Courtesy of Olive Films

Divided by chapters in a Dante-esque structure as the film’s hero repeatedly encounters a strange but beautiful woman (Ravshana Kurkova) interspersed with bizarre anecdotes.  Leading towards a Twin Peaks influenced nightclub known as the Golden Age including but not limited to human trafficking, naked dancing and cannibalism, The Temptation of St. Tony is an episodic journey into the netherworld as Tõnu wrestles with ever developing moral quandaries.  Not unlike Polish maestro Andrzej Żuławski’s The Devil, the film sets off a series of anarchic visionary cinematic explosions before the cameras with a morally complex antihero at the epicenter trying to make sense of the nihilistic and amoral world he lives in.

Co-starring the great Denis Levant (Leos Carax’s partner-in-crime), The Temptation of St.
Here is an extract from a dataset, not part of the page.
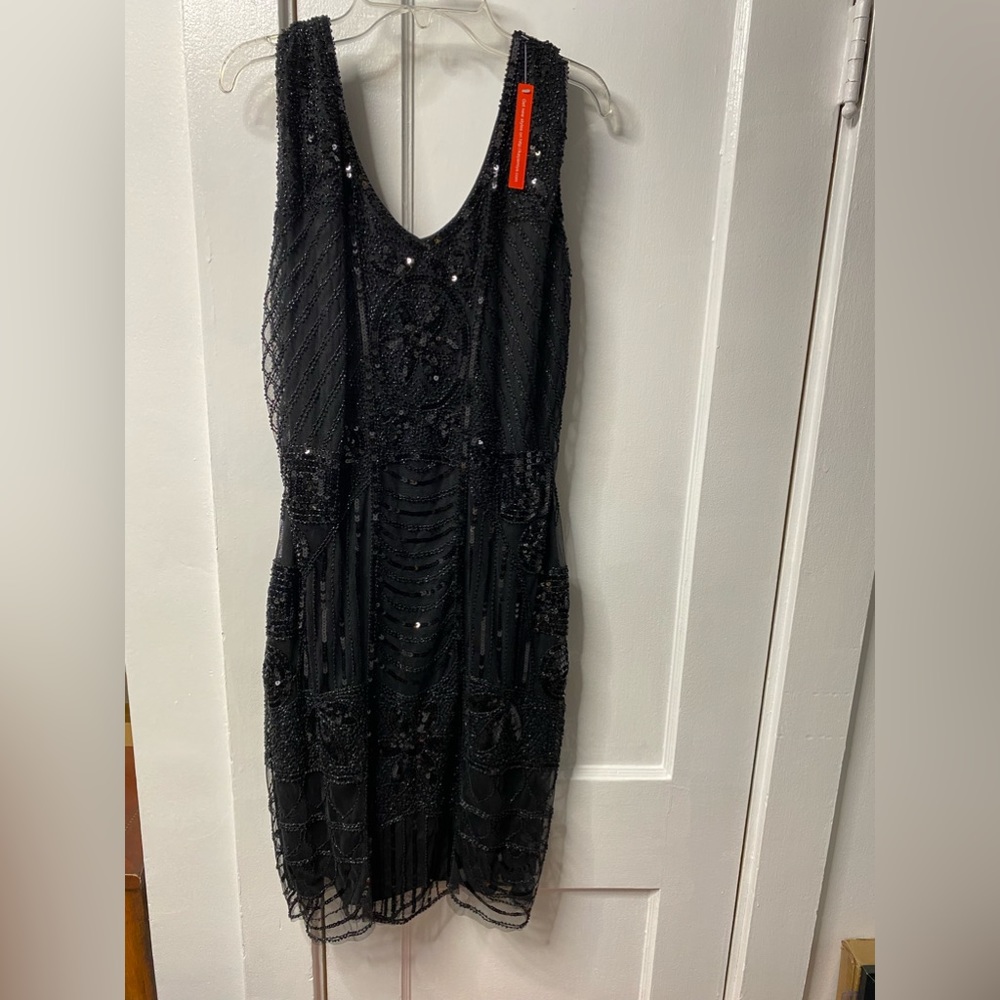 Beaded black dress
Tony is stunningly photographed by Mart Taniel and boasts an unforgettable original electronic score by Ülo Krigul which fluctuates freely between ambience, dance techno and eventually a Ligeti-esque series of choral requiems on the soundtrack.  Wholly sonically and visually arresting from top to bottom, the film also boasts brilliant production design which garnered Markku Pätilä and Jaagup Roomet a European Film Awards nomination, moving from the craggy open terrain of forests and swamps decorated with human limbs into a labyrinthine subterrain manmade structure that feels otherworldly. 

Courtesy of Olive Films

Performances across the board are solid with Taavi Eelmaa perfectly expressing the protagonist’s sense of growing terror and confusion and Ravshana Kurkova exuding purity and innocence in a world keen on corruption of everything.  Levant’s brilliant cameo as Count Dionysos Korzybski is sure to leave even the staunchest of Carax fans scratching their heads and the grand guignol finale will no doubt trigger unpleasant memories of Peter Greenaway’s still searing masterwork The Cook, the Thief, His Wife & Her Lover.

Despite the film’s frightening and bleak tone, The Temptation of St. Tony is at times impishly playful with how it seems to throw caution to the wind and dive headfirst into extreme absurdism.  Closest to Aleksei German’s still stomach-churning cinematic monument Khrustalyov, My Car! in terms of presenting an episodic free for all into madness and mayhem, Õunpuu’s second feature cements the Estonian writer-director as a new young prodigy to watch for with baited-breath. 

Courtesy of Olive Films

In what is surely one of the most original voices in new world cinema, The Temptation of St. Tony doesn’t play nice or fair and is often difficult if not an irascible picture to watch but at the heart of it all is Õunpuu’s uniquely farcical sense of…fun?  For as awful as things get here, there’s something about The Temptation of St. Tony that’ll manage to leave a smirk on your face.